I wasn’t leaving one violent man just to spend my days getting abused by others.

Right?

“Now, as for staffing,” Dr. Mercer continued, leading me back toward the nurses’ station, “I’m the medical director, which means I oversee all care, diagnose, order medications and tests. I handle the most complicated cases. I’m here Monday through Friday, and I’m on call after hours. We have a nurse practitioner for nights, who can prescribe as needed.”

She ticked off my responsibilities on her fingers. “You’ll take vitals, triage sick calls and injuries, administer medications, dress and stitch wounds, and document everything.”

“Sounds good.”

Better than good actually. Now that she’d walked me through everything, it all seemed … manageable. Mundane even. Just like any other nursing job, except the patients would be in shackles and orange jumpsuits instead of those awful hospital gowns that never quite closed in the back.

By all accounts, this would be textbook medical care. Checkups for diabetics needing insulin. Chronic illness monitoring. The occasional accident requiring stitches. Nothing I couldn’t handle.

Maybe this really would just be another typical job. Maybe I’d been overthinking everything. Maybe?—

“MEDICAL!” A man’s voice exploded through the corridor. “WE NEED MEDICAL NOW!”

Dr. Mercer was already moving, her shoes squeaking against the linoleum as she sprinted toward the entrance. I followed, my heart hammering against my ribs like it was trying to escape.

A correctional officer buzzed the metal door open with hands that shook slightly. Behind him, four other COs were supporting two separate inmates.

“Two inbound! Code red!” one of them barked.

And that’s when I saw the blood.

So. Much. Blood.

It painted the orange jumpsuit crimson.

“Fight,” a CO said, breathless. “Happened fast.”

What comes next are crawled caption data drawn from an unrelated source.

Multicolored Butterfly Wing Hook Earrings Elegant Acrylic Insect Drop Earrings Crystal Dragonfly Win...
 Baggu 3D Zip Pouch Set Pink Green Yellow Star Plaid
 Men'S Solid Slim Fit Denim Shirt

Jesus, this was from a fight? This looked more like someone fed the first inmate through a wood chipper. He hung between the guards like wet laundry, his muscles gone slack with that particular exhaustion that comes from taking too many hits. Blood painted his face in thick streaks in such volume that I couldn’t map the actual damage underneath.

The second inmate was standing upright. Unmarked. His bloody knuckles the only evidence he’d been involved at all.

Dr. Mercer took one look at both men and made her choice.

She took the victim.

And gave me the predator.

3

HARPER

A dangerous prisoner at Coldwater Penitentiary was bleeding in my exam room, and I was basically alone with him.

Sure, the CO stood guard outside the door, theoretically close enough to rescue me should the inmate make a move. But as a nurse, I knew the cold, clinical truth: It only takes three seconds to crush a windpipe. Two to snap a neck. One wrong breath, and I’d become another statistic.

Jesus. What the hell had I been thinking, taking this job?